# DATASET RECORDS
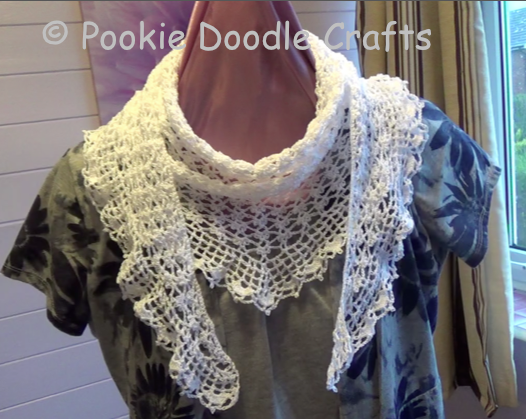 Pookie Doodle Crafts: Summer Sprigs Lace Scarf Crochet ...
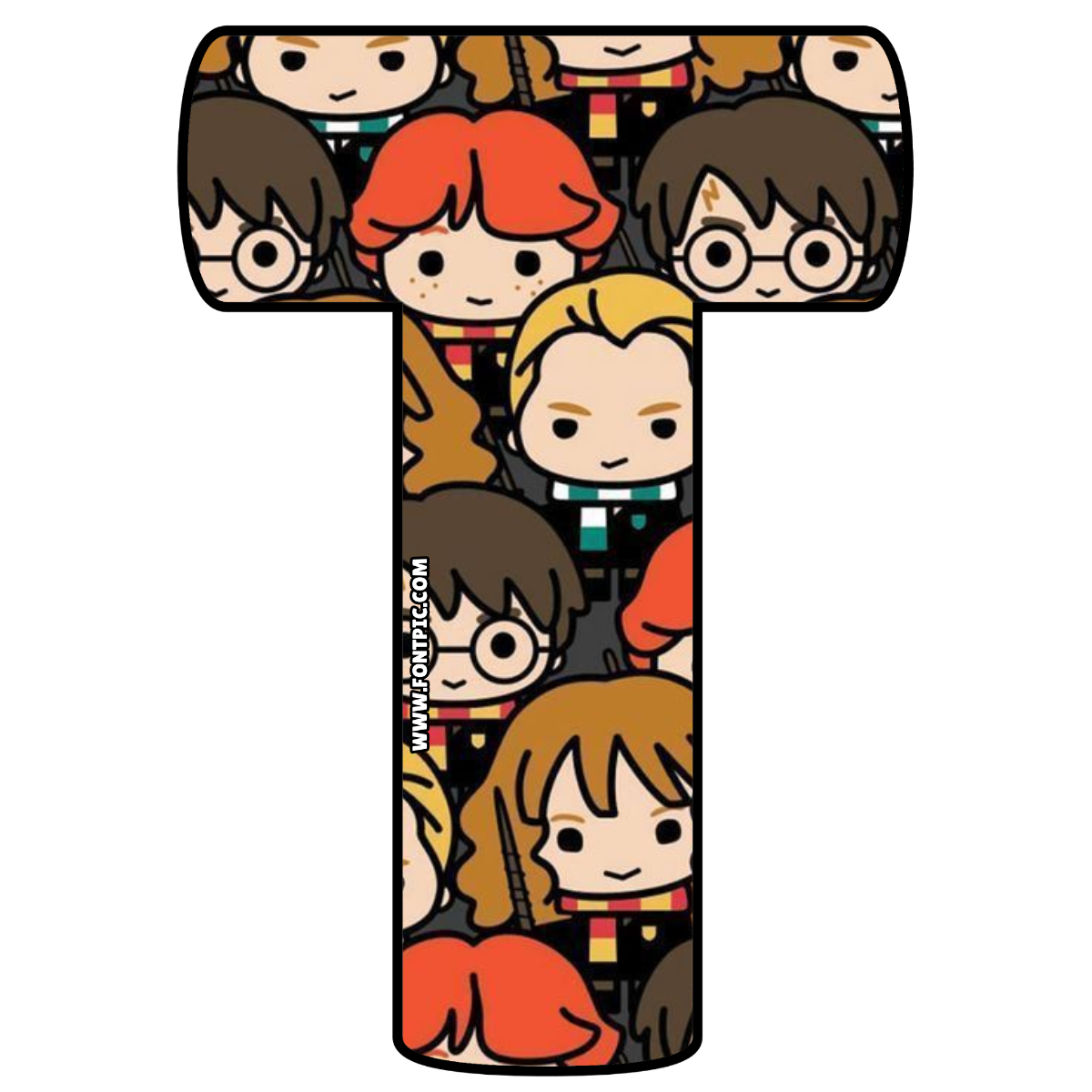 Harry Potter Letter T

==

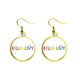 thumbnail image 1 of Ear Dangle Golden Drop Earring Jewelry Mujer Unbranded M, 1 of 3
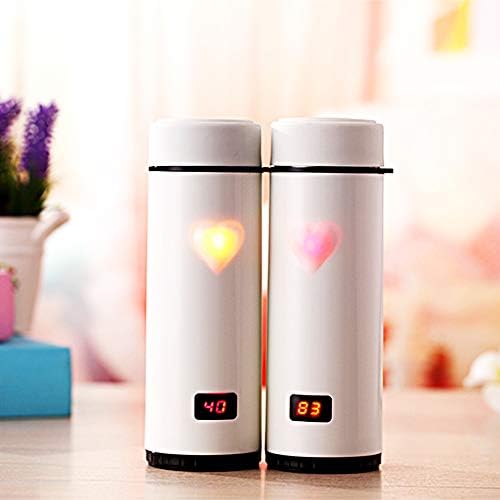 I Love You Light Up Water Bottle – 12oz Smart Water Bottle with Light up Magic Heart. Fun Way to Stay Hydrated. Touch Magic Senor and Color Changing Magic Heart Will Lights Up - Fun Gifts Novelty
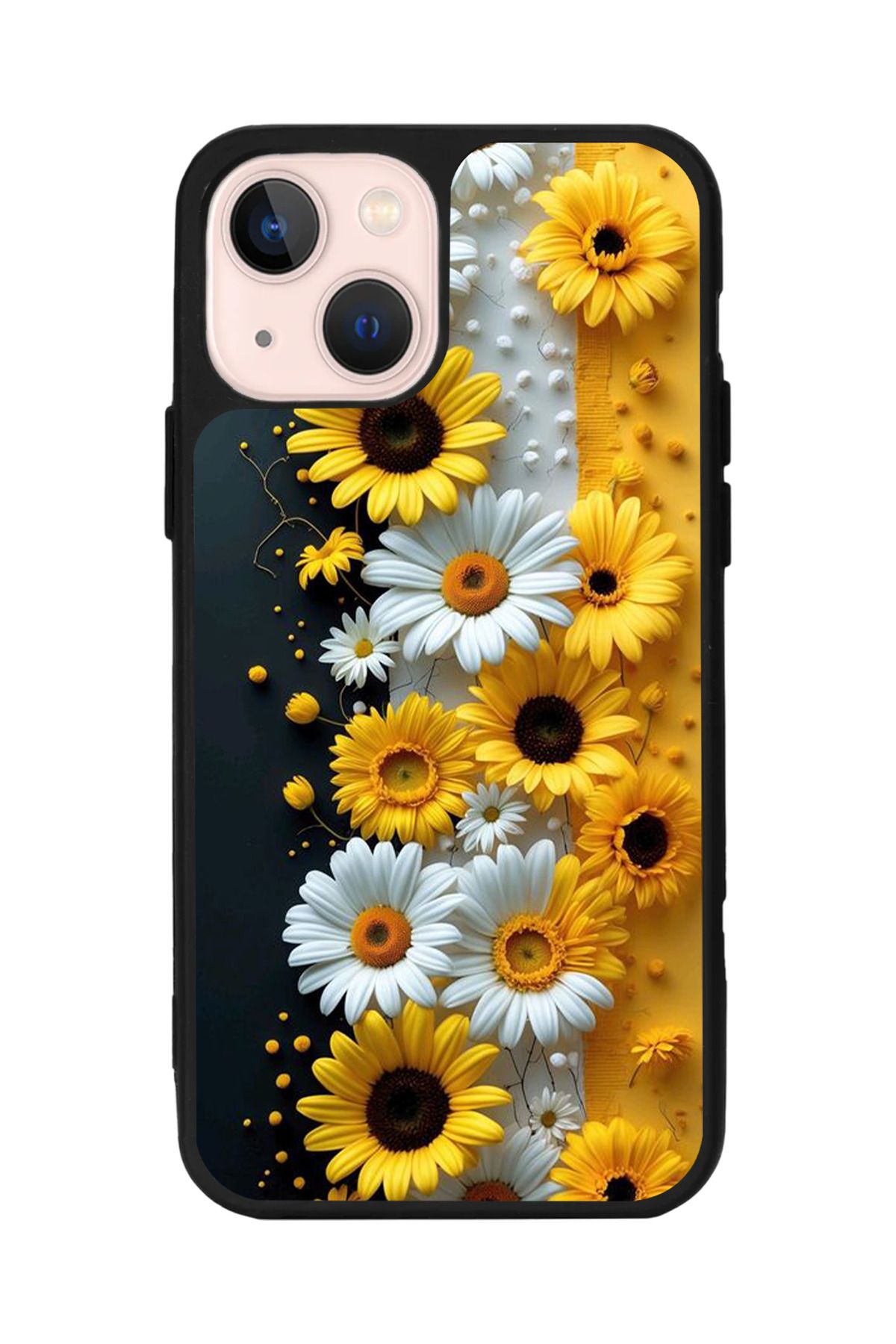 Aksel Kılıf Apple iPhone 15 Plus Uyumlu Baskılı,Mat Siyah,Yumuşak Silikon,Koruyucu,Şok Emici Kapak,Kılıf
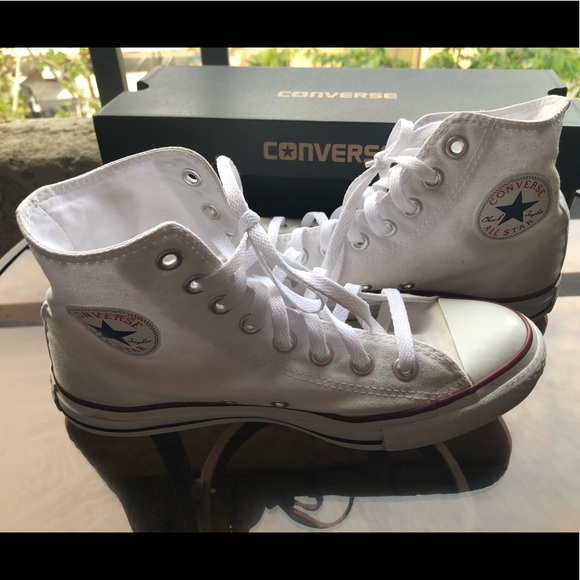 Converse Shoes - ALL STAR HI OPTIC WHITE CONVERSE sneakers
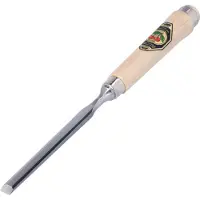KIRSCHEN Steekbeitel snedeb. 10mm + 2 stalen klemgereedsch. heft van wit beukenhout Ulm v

# REQUIRED ACTION
From the records above, give again only the part that opens with the line containing "Aksel Kılıf Apple" and closes with the line containing "KIRSCHEN Steekbeitel snedeb.". Keep both ends but drop the pictures.

# WRITTEN REPLY
 Aksel Kılıf Apple iPhone 15 Plus Uyumlu Baskılı,Mat Siyah,Yumuşak Silikon,Koruyucu,Şok Emici Kapak,Kılıf
 Converse Shoes - ALL STAR HI OPTIC WHITE CONVERSE sneakers
KIRSCHEN Steekbeitel snedeb. 10mm + 2 stalen klemgereedsch. heft van wit beukenhout Ulm v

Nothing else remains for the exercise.